A stand-off between Iraq and Iran over a remote oil well ended peacefully Sunday as Iranian forces pulled back from the disputed site. In Baghdad, officials approved a preliminary deal with an international group to develop one of Iraq's most prized oil fields.
Together, the events highlighted the economic and diplomatic challenges facing Iraq as it tries to expand its reach in the global oil market. In Iraq's southern Maysan province, soldiers escorted about a dozen oil workers back to well No 4 on the al-Fakkah oil field after Iranian forces withdrew overnight. Iraqi soldiers planted the Iraqi flag on the well where Iran's flag had flown during the dispute that began last Thursday.
``The problem is solved now,' Abdul-Karim Elaibi, Iraq's senior deputy oil minister, told The Associated Press. Diplomatic talks over the disputed border were continuing, he said.

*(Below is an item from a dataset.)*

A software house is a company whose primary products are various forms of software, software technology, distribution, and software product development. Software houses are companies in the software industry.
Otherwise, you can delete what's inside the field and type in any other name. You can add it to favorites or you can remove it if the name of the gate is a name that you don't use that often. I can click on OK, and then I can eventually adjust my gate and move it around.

Well No 4 stopped producing oil in the 1980s as a result of the Iran-Iraq war, but ``Iranian harassment' started in 2007 after Iraq worked to get the well operational again, he said.
Both Iran and Iraq claim parts of al-Fakkah as their own. Located about 200 miles (about 320 kilometers) south-east of Baghdad, the oil field has an estimated 1.5 billion barrels in reserves.

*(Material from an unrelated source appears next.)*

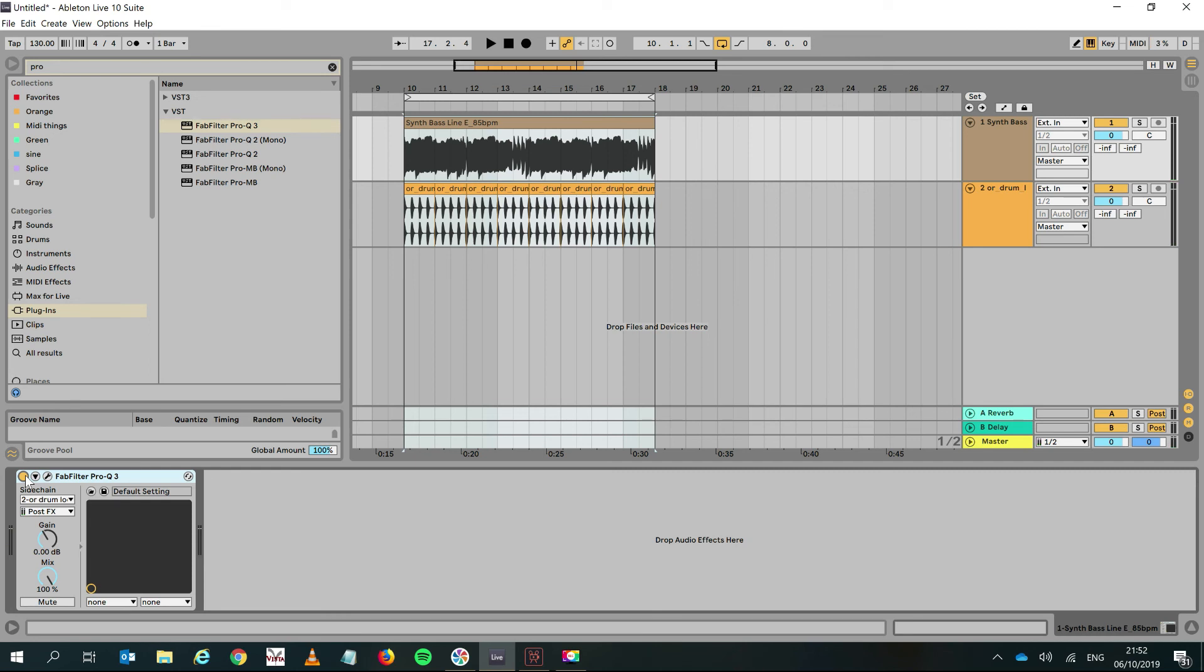So that's it, boys and girls. This is how Pro-Q works with Ableton. If you've got any questions, please send me a message and I'll respond to everybody.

In Tehran, the office of Iranian Foreign Minister Manouchehr Mottaki said he and his Iraqi counterpart, Hoshyar Zebari, discussed the case in a phone conversation late Saturday.
Mottaki said Iran was committed to talks with Iraq through a joint border committee and blamed ``foreign elements' for causing disruption echoing earlier Iranian accusations that foreign media had tried to undermine ties between the two countries, according to a statement on the Web site of his office. Meanwhile, in Baghdad, Iraqi officials signed a preliminary deal with an oil consortium led by European giant Royal Dutch Shell PLC and Malaysia's state-run Petronas.

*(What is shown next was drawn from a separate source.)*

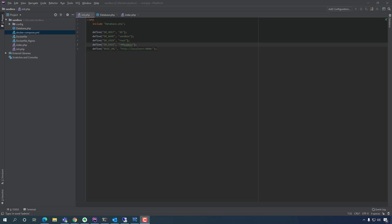Now we're ready to actually create a table within the MySQL database and see if we can communicate with it. We can actually log in and create a simple, very simple login form.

The deal, which still must be approved by Iraq's Cabinet, is critical to the country's post-war recovery. It is aimed at boosting Iraq's oil exports and bringing in money to help rebuild after the 2003 US-led invasion and decades of neglect and international sanctions under Saddam Hussein.
Iraq has not been able to raise output to even close to pre-2003 levels and, with outdated technology, is limping along at roughly 2.5 million barrels per day. That's well short of Iraq's goal of joining the ranks of other heavyweight members of the Organisation of Petroleum Exporting Countries.
Ten deals that Iraq awarded to foreign investors in bidding rounds held earlier this month and in June are expected to help increase the current production to 12 million barrels a day within six years. Shell-Petronas won the right to develop the southern Majnoon oil field with estimated reserves of 12.5 billion barrels during Iraq's second round of post-war bidding, which offered 15 oil fields earlier this month. Under the 20-year contract if it is ultimately approved two companies will be paid $1.39 for each barrel produced, with a 35 percent income tax applied on the fee.